The real fraud is being orchestrated right now in states across the country through robocalls targeting Black and Latino voters; the calls are spreading conspiracy theories and seeking to depress turnout. It’s voter purges in states like Alabama. It's long lines and broken voting machines that just happen to be concentrated in communities of color. It’s the threat of voter intimidation and even violence. Yes, one person, one vote is a mirage if we are silent about and don’t actively resist these insidious tactics. Protecting every vote is and should be a nonpartisan cause and commitment. Protecting every vote is also a faith imperative. It’s a gospel and discipleship imperative. As we have been saying through our Lawyers and Collars and Turnout Sunday campaigns, it is an imago dei imperative.
That commitment must be realized through modernizing voter registration, enacting automatic voter registration, allowing same-day and online registration, protecting against flawed voter purges, restoring the Voting Rights Act, restoring voting rights to people with prior convictions, instituting nationwide early voting, and better protecting against deceptive practices.

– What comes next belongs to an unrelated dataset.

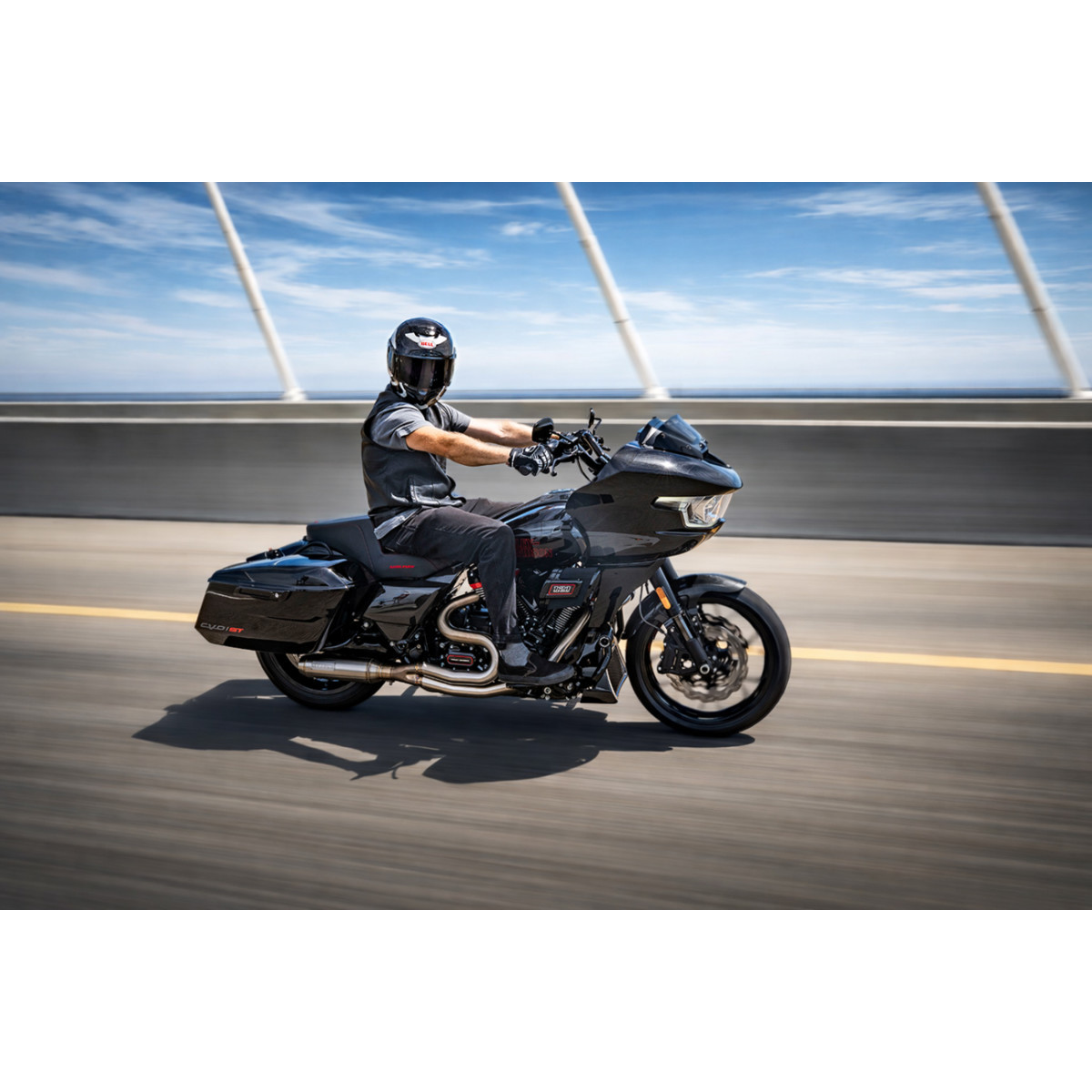 Saddlemen #CF-823-07-001 - Carbon Fiber Front Fender - Gloss - Touring '23-'25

Revitalizing our democracy also requires more comprehensive campaign finance reforms like small donor public financing of elections, improving federal disclosure law, and overhauling the Federal Election Commission. Finally, we should support candidates who prioritize redistricting reform, greater election security, robust ethics reform, efforts to finally make the District of Columbia a state with voting representatives, and even ending the filibuster. Many of these are contained in HR 1 — which has been held up by Majority Leader Mitch McConnell — and in the now renamed the John Lewis Voting Rights Act, which should be one of the first orders of business for the newly elected Congress in January.

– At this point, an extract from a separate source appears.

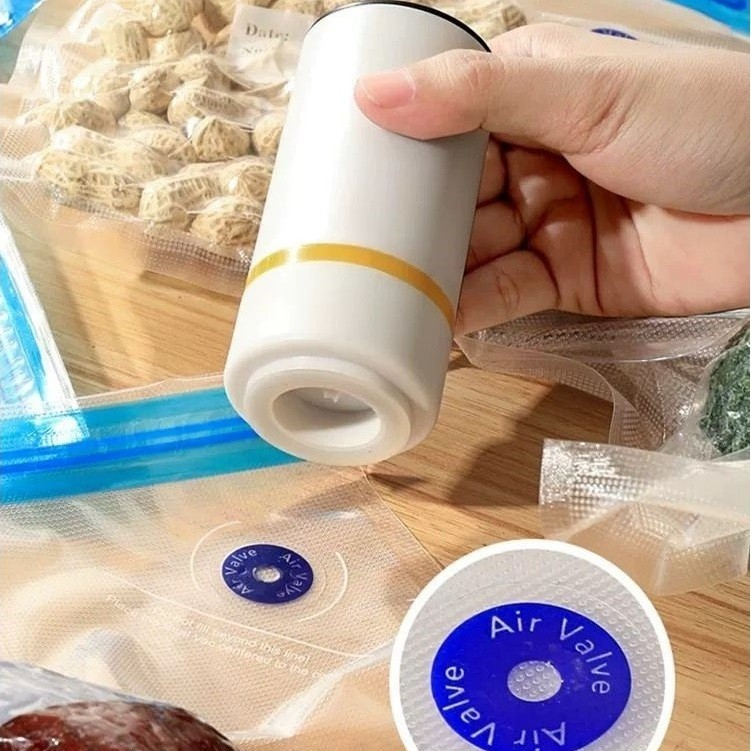 Conjunto 5 Sacos a Vácuo com Bomba Recarregável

The presidential election may come down once again to Florida, the same state that determined the 2000 presidential election as a result of hanging chads. It is important to remember that the Florida recount initiated the Republican Party’s baseless accusations of voter fraud, which have only intensified over the past 20 years. If the president loses the election and refuses to relinquish power, or if enough suppression and/or electoral malfeasance takes place to alter the outcome, we will all need to ask ourselves: How much are we willing to sacrifice to defend our democracy?
Despite ongoing attempts to sow fear, doubt, and confusion in this election, there are encouraging signs of our nation’s determination and resilience. The images from across the country of over 80 million people who have waited in lines amid a pandemic to cast their early vote or dropped their ballots in the mail has been nothing short of inspirational. The Supreme Court rulings this week that allow for the states of Pennsylvania and North Carolina to count vote-by-mail ballots after the election are also very encouraging.
While there are many trends that are suffocating and undermining our democracy, our voice, our activism, and, at this critical moment, our vote represent both the antidote and the renewable resource for restoring and revitalizing our democracy. These are part and parcel of how we exercise our civic discipleship and uphold the biblical mandate to restrain evil and advance the common good.